Monday, September 26, 2005


(via Instapundit). One Mary Wlodarski wrote letters to her Illinois Senators "asking them to review the budget in light of the need of our southern states, foregoing our projects to help out the gulf states." In other words, asking to get rid of pork projects. The reply she says she received from Senator Obama clearly had other kinds of critters in mind:
Dear Mary:

Thank you for contacting me regarding Hurricane Katrina and rescue operations for the pets of evacuees. I appreciate hearing from you.

Among the many difficult and heartwrenching aspects of this tragedy has been the lack of resources to rescue and care for those pets left behind by evacuees who were unable to take them on evacuation transports. Fortunately, as news spread about the plight of these animals, several groups volunteered to travel into that dangerous environment to help rescue them.

As soon as the resources were available, the United States Navy and National Guard began searching for and rescuing these pets in New Orleans and elsewhere in the Gulf Coast. The U.S.S. Tortuga moored near New Orleans, and the Tortuga's repair division began a search and rescue mission for abandoned pets. The crew members set up "Camp Milo and Otis," a makeshift kennel where medical care and shelter was provided for dogs, cats and other displaced animals from the city. The Department of Homeland Security also assisted by deploying Veterinary Medical Assistance Teams to provide medical care to pets and livestock, as well as provide any needed veterinary medical care for dogs involved in the rescue effort. And only days after the storm, SPCAs, Humane Societies and other pet welfare organizations from across the country joined the United States Navy and National Guard in attempting to rescue stray animals. Several thousand pets were rescued and sheltered around the state by late last week.

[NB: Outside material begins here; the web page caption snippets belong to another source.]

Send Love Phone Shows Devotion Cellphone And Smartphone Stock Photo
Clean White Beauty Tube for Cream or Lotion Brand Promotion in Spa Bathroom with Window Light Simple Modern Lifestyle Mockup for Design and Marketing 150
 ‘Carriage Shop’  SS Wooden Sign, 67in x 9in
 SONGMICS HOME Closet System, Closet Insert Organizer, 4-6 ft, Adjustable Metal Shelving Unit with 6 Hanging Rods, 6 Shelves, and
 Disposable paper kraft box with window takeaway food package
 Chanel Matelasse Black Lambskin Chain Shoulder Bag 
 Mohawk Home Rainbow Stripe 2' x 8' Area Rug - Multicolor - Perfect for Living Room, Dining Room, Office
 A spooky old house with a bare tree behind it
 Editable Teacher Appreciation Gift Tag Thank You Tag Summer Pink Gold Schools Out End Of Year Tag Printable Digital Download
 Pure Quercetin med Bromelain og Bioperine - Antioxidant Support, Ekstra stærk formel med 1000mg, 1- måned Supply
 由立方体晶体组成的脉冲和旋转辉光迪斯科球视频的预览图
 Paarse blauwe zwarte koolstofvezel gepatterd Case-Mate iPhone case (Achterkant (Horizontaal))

Individual citizens have helped with this effort as well. I was particularly heartened by stories like one in Grand Rapids Michigan, where an anonymous donor helped relocate 175 displaced dogs and cats. While it is tragic that so many pets remain left behind, that is yet another example of how humanity can shine through any disaster.

As you know, the lack of government planning for this disaster has drawn the ire of many Americans, and a substantial review process must take place to ensure that the same mistakes are not repeated. Planning for the rescue and care of pets should certainly be part of that discussion.

Thank you again for writing.


Barack Obama
United States Senator
As Glenn Reynolds aptly notes, it is hard to tell whether it is worse that Obama replied to a letter about pork in this fashion or that he has a form letter about pets and Katrina.

UPDATE: At least Obama's staff are quick learners.